On August 12, 1957, a “Meet the Lions” banquet was held at a hotel in Detroit. The team was still in training camp with the first preseason game coming up shortly and some 600 fans were in attendance. When it was time for Head Coach Buddy Parker to speak, it was assumed that he would utter the usual cliches typical of such occasions. Instead, he said “I can’t handle this team anymore. It’s the worst team I’ve ever seen in training camp. They have no life, no go, just a completely dead team. I’m leaving Detroit football. And I’m leaving tonight.”
At least one member of the audience laughed, thinking that Parker was joking. He was serious, however, and in the end simply walked off the podium and out of the building, leaving behind a stunned group of team executives, fans, and reporters.
Under Buddy Parker, the Lions had been one of the NFL’s strongest teams. Since taking over as head coach in 1951, they had gone 47-23-2 and won three conference titles and back-to-back league championships in 1952 and ’53.

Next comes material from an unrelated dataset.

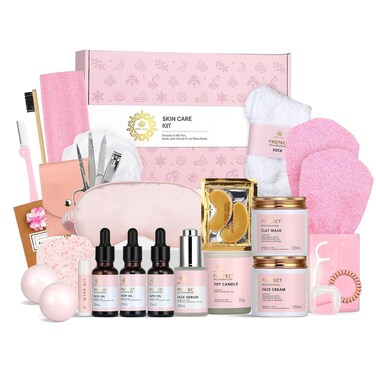 Spa Gifts for Women, 28pcs Rose Facial Skin Care Set includes Face Cream,Bath Oil,Shower Accessories. Body &amp; Facial Kit for Women, Birthday Gift for Women, Mother's Day Gift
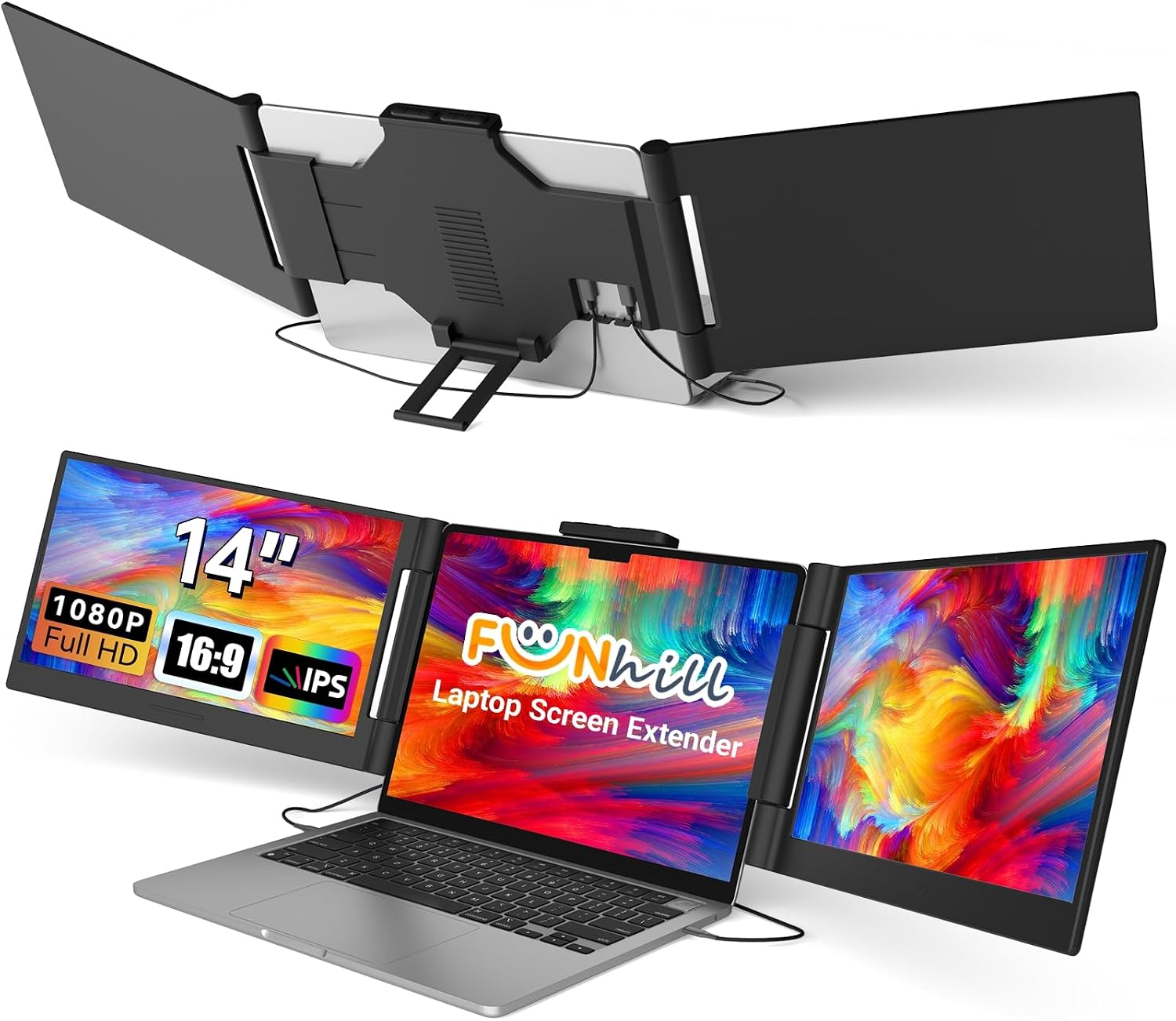 Funhill Laptop Screen Extender 14 inch Laptop Monitor Extender 1080P IPS, Triple Portable Monitor for Laptops 13-17.3" with Display/HDMI Port, Plug-Play Portable Screen for Windows/Chrome/Android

The offense, directed by fiery fellow Texan Bobby Layne at quarterback, was solid and prominently included OT Lou Creekmur, guards Harley Sewell and Dick Stanfel, ends Cloyce Box and Dorne Dibble, and halfbacks Doak Walker and Bob “Hunchy” Hoernschemeyer. Parker proved adept at adjusting the offense to his personnel, effectively utilizing the power of FB Pat Harder, obtained from the Cardinals at age 29 in 1951, and then featuring the outside speed of halfbacks Hoernschemeyer and Gene Gedman while maximizing Walker’s all-around talents. With the resourceful Layne at quarterback, the Lions utilized play action passes to great effect and pioneered in the development of the two-minute offense.
As effective as the offense was, the Lions were especially renowned for their defense. Middle guard Les Bingaman had provided a 300-pound impediment to opposing runners and, when he retired, Joe Schmidt became a groundbreaking and exceptional middle linebacker. The secondary was particularly outstanding, as the Lions led the way in the art of drafting athletes for the defensive backfield. Known as “Chris’s Gang” due to the presence of safety Jack Christiansen, the unit also included fellow safety (and eventual fellow member of the Pro Football Hall of Fame) Yale Lary as well as halfbacks Jim David, Bob Smith, and Bill Stits.
In three consecutive seasons, Parker and the Lions faced off for the NFL title against Paul Brown and the Cleveland Browns; the Lions won the first two of those encounters. But Parker was shattered by the failure to win a third consecutive championship in 1954, losing badly to the Browns by a score of 56-10.
Detroit sank to 3-9 in 1955, but in ’56 the Lions recovered to post a 9-3 record and missed winning the Western Conference by a half game to the 9-2-1 Bears. In the showdown for first place, Layne had been knocked out of the game when blindsided by Chicago’s DE Ed Meadows on a very late hit, although the inability to stop Bears FB Rick Casares, who gained 190 yards rushing, was likely an even larger factor in the loss.
But by the 1957 preseason, a number of issues were rumbling beneath the surface where Buddy Parker and the Lions were concerned. While Parker never elaborated on his reason for the abrupt departure, it was known that he was frustrated with divisions among the team’s owners that had led to meddling and open second-guessing of the coach’s decisions. An hour prior to the banquet, he had been summoned to a suite at the hotel where one of the owners was throwing a cocktail party, and found several of the players there. It might well have been the last straw.
Assistant coach George Wilson was elevated to head coach and the Lions went on to win the NFL championship, once more defeating the Browns in the climactic game. Bobby Layne broke his leg late in the season, but veteran backup Tobin Rote – obtained to provide solid relief in the event of another injury to Layne – capably guided the offense the rest of the way.
Buddy Parker didn’t remain unemployed long – after rumors had him replacing Weeb Ewbank in Baltimore, he was hired by the Pittsburgh Steelers two weeks after leaving the Lions. Layne was reunited with Parker in 1958, and the perennially-losing Steelers put together a 7-4-1 record.
Parker may have been an excellent tactician who was adept at game management, but he was also temperamental and prone to outbursts. The Lions obtained his services after he had quit the Chicago Cardinals in a huff, where he had been co-coach for a year and was caught in the midst of an ownership dispute. He would abruptly quit the Steelers shortly before the 1965 season, after compiling a 51-47-6 tally through eight years, and was finished as an NFL head coach at age 51.